Development is the stage of creation of a production in which the project progresses from the initial concept to the point at which a decision can be taken as to whether or not it should proceed to production.

During development all the necessary elements are assembled to enable a producer to make a judgement on whether or not the production is a viable project.

Expenditure on development activities is not core expenditure and will not qualify for OTR if the production does not get ‘green lit’, that is if there is not a firm and definite commitment that the production will go ahead as evidenced, for instance, by ticket sales, hire of concert venues, hiring musicians etc. The intention is to separate speculative expenditure on productions which never go ahead from purposive expenditure undertaken in the knowledge that a decision has been taken to proceed with the production.

However, if the production does get ‘green lit’, some expenditure on development may be reclassified as expenditure on producing the production if it directly relates to activities in the later production phase. Such expenditure can be apportioned where necessary, provided the apportionment is just and reasonable.

Production

The production phase begins when the project has been ‘green lit’–this is when there is a definite commitment to going ahead with the production. Any expenditure incurred prior to this would be part of the development phase.

The production phase involves all the activities necessary to turn the developed idea for a production into an actual orchestral production that is ready to be performed to the public. Such activities may include, but are not limited to: production team meetings, hiring musicians, rehearsals, venue preparation. The production phase is broadly defined for the tax reliefs and includes activities often referred to as pre-production.

There is some blurring between development and production. While a venue might be booked or some players contracted far in advance, this does not necessarily signify that the production phase has started if nothing else has happened to give certainty to the project. Ticket sales are also not necessarily a sign that a project will definitely go ahead or that the production phase has commenced, particularly if they occur a long time before the intended performance date.

The latest possible date that the production phase could commence for a concert is at the start of rehearsals. However, it may start earlier. For example, if a project has contracted the musicians and secured venues, then it is likely to have already started the production phase.

Expenditure on activities directly involved in producing the production during the production phase is core expenditure and qualifies for OTR.

Expenditure on any matters not directly involved in producing the production is not core expenditure and does not qualify for OTR. For instance, expenditure on raising finance, advertising or marketing a production, legal fees, accountancy fees or storage costs.

The production phase continues until the start of the first paid public performance.

Running

The running phase commences at the start of the first paid public or educational performance and continues until the end of the last paid public or educational performance.
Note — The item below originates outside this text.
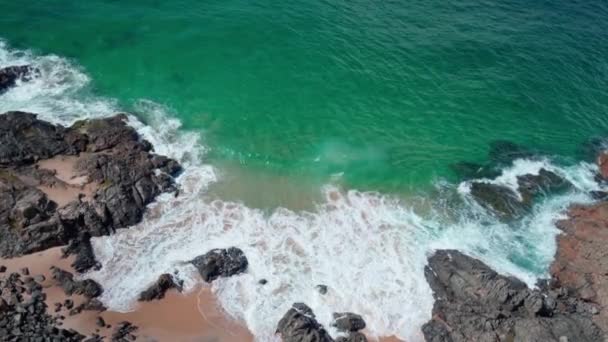 Una Piccola Spiaggia Sabbia Sulla Costa Dell Oceano Tra Scogliere — Video Stock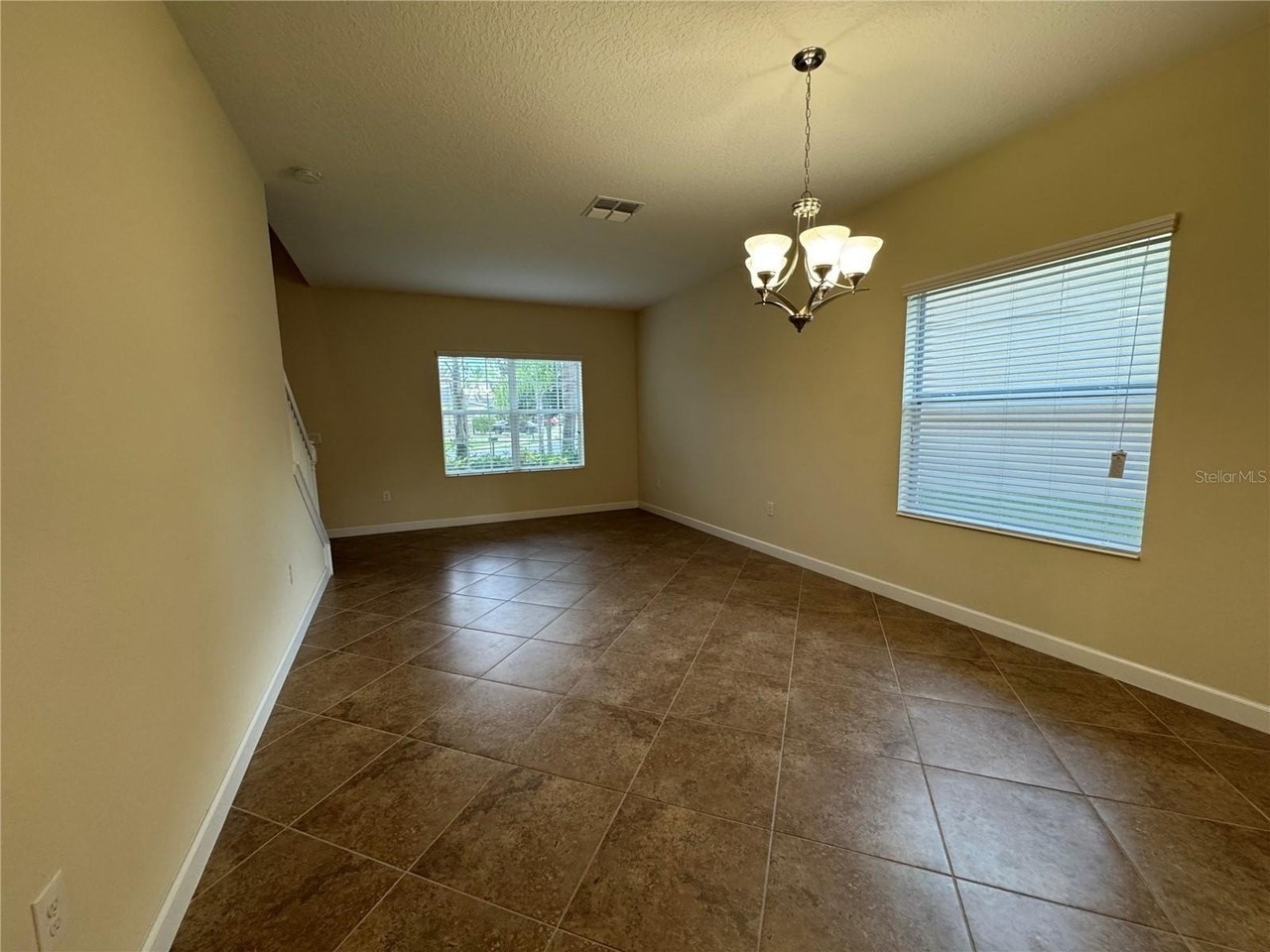 5349 Cortland Dr - Photo 3 of 28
It is when the production is performed live before the paying general public or provided for educational purposes.

Expenditure on the ordinary running of the production is not core expenditure and does not qualify for OTR. For example, expenditure on ongoing salaries for cast and crew, concert venue costs/rent, maintenance, moving costs, travel (to and from the usual venue) and subsistence, administration, direction and production.

Closing

The closing phase happens after the last paid public or educational performance of a production and marks the end of the production. It includes vacating the venue(s) and moving items into storage or selling them.

Expenditure on closing the production is core expenditure and qualifies for OTR provided it does not include expenditure on activities which would not normally qualify as core expenditure, such as storage costs.